In a time when jazz tends to be based around the virtuosic soloist, this record demonstrates how the group is stronger than the individual. The album has a fantastic collection of compositions which enable the superb ensemble to create many delightful musical episodes. Composer and bassist, Sylvain Didou, has made some remarkable arrangements which really hold together well, describing the compositions as 'Mingus-esque' might give you some sort of clue as to the direction the music takes.

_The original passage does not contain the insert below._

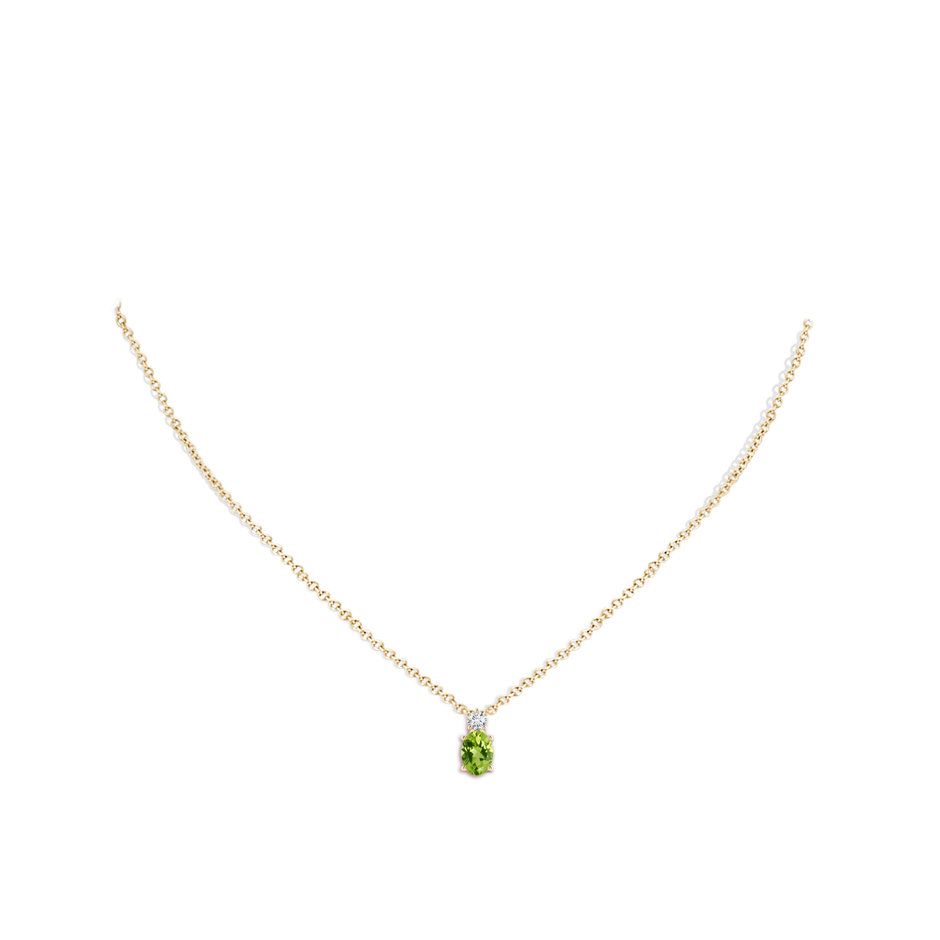 7x5mm AAA Oval Peridot Solitaire Pendant with Diamond in Yellow Gold pen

The quality of the music means that each track has plenty of high points, great melodies, group and solo improvisations, rhythmical developments, in fact so much it's nigh on impossible to pick any one thing out. Of the ten pieces, the amazing opening piece Le Chat (tk1) takes us on a thirteen minute tour which immediately makes you curious to find out what will follow. The stuttering melody and sprinkled piano lines leads us into a complex arrangement where the whole groups comes together to play a looping melody. The horns are split up into various configurations so that some play the unison melody whereas others join the piano and bass to play a counter melody. Its a powerful start to the album. The melodies of Longitudinal (tk2), Jazz, Jazz (tk3), Yeah (tk5) and Enea (tk8) are pieces which particularly shine out brightly. Other pieces, such as Perdrigon (tk7) may start with a skilfully arranged melody for all, but soon the ensemble dives into free form improvisation where everyone adds their voice as needed. A track such a 3D (tk9) builds from a tenor sax/bass duet into a finely detailed miniature piece that has a sax line which holds the composition together whilst the other instruments gradually creep in. The soloists all come up with fine offerings all around, but, interestingly no one soloist grips the limelight, making the album uniform throughout.
As I mentioned earlier, the way the compositions are built reminds me a little of the way Charles Mingus liked to compose, finding ways to inspire his players but also to work within the framework of each piece, which could include tempo changes, stop-time and much more. Another reference is the ensembles sound - partly due to the groups make up - echoes, in a way, Elton Dean's Ninesence, mixing styles and strong melodies to great effect.
I said at the beginning this a very fine album which has many strengths. It's certainly one of the best albums I've heard this year, and I suggest that you rush off to ObLik's bandcamp site, give it a listen, and see if you agree!
ObLik is: Pierre-Yves Merel - Tenor sax; Alan Regardin - Trumpet; Alexis Persigan - Trombone; Cyril Trochu - Piano; Fabrice L'Hotellier - drums; Sylvian Didou - Double bass.
* = Translation: Somewhere between jazz and improvised music, this group mixes tradition and modernity"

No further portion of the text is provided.